Indian Aerospace & Defence Bulletin
Bikram Vohra
08 Feb 2026
The brief, glancing contact between the wingtips of an Air India Airbus A320neo and an IndiGo Airbus A320 at Mumbai’s Chhatrapati Shivaji Maharaj International Airport on the evening of February 3, 2026, constitutes a critical aviation safety event.
The Mumbai wingtip event is not an anomaly in India’s recent aviation landscape. It occurs amid heightened scrutiny of ground safety and operational incidents. The DGCA is currently examining several other notable events, and action must go beyond the band-aid stage.

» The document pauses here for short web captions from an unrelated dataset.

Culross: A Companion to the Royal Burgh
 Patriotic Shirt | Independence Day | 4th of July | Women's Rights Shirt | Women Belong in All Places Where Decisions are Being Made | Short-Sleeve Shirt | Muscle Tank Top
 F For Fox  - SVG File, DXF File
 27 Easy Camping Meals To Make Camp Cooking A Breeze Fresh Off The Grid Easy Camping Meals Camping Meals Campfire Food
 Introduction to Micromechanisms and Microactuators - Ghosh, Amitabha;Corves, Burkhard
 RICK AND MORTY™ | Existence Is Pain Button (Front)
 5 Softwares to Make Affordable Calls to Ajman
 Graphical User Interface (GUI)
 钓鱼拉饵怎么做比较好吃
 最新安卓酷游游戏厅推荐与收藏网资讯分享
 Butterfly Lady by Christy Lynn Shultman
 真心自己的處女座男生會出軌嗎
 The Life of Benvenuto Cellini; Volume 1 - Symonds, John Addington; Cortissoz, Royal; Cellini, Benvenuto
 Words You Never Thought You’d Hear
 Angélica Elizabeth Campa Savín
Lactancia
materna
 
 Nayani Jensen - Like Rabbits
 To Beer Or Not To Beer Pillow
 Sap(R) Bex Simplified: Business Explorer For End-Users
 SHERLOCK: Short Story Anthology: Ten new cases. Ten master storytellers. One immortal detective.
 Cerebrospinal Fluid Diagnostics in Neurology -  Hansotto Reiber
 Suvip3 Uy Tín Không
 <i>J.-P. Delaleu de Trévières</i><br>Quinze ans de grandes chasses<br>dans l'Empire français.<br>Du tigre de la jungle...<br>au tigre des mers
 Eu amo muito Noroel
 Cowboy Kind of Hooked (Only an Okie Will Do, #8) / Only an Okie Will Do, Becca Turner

In January 2026, an Air India A350 had a terrifying close call when one of its engines ingested a cargo container while taxiing at Delhi — a stark reminder that fast growth brings growing pains. India’s aviation sector is booming, airlines are snapping up new jets, launching routes, and pushing schedules to keep up with demand. That kind of expansion increases pressure on airports, ground crews, and air traffic controllers, strains already limited infrastructure, and makes ramp and taxiway operations denser and more error-prone. Incidents like the A350 engine strike aren’t just freak accidents; they point to systemic strain that needs coordinated fixes across staffing, training, equipment, and procedures before the pace of growth outruns safety margins.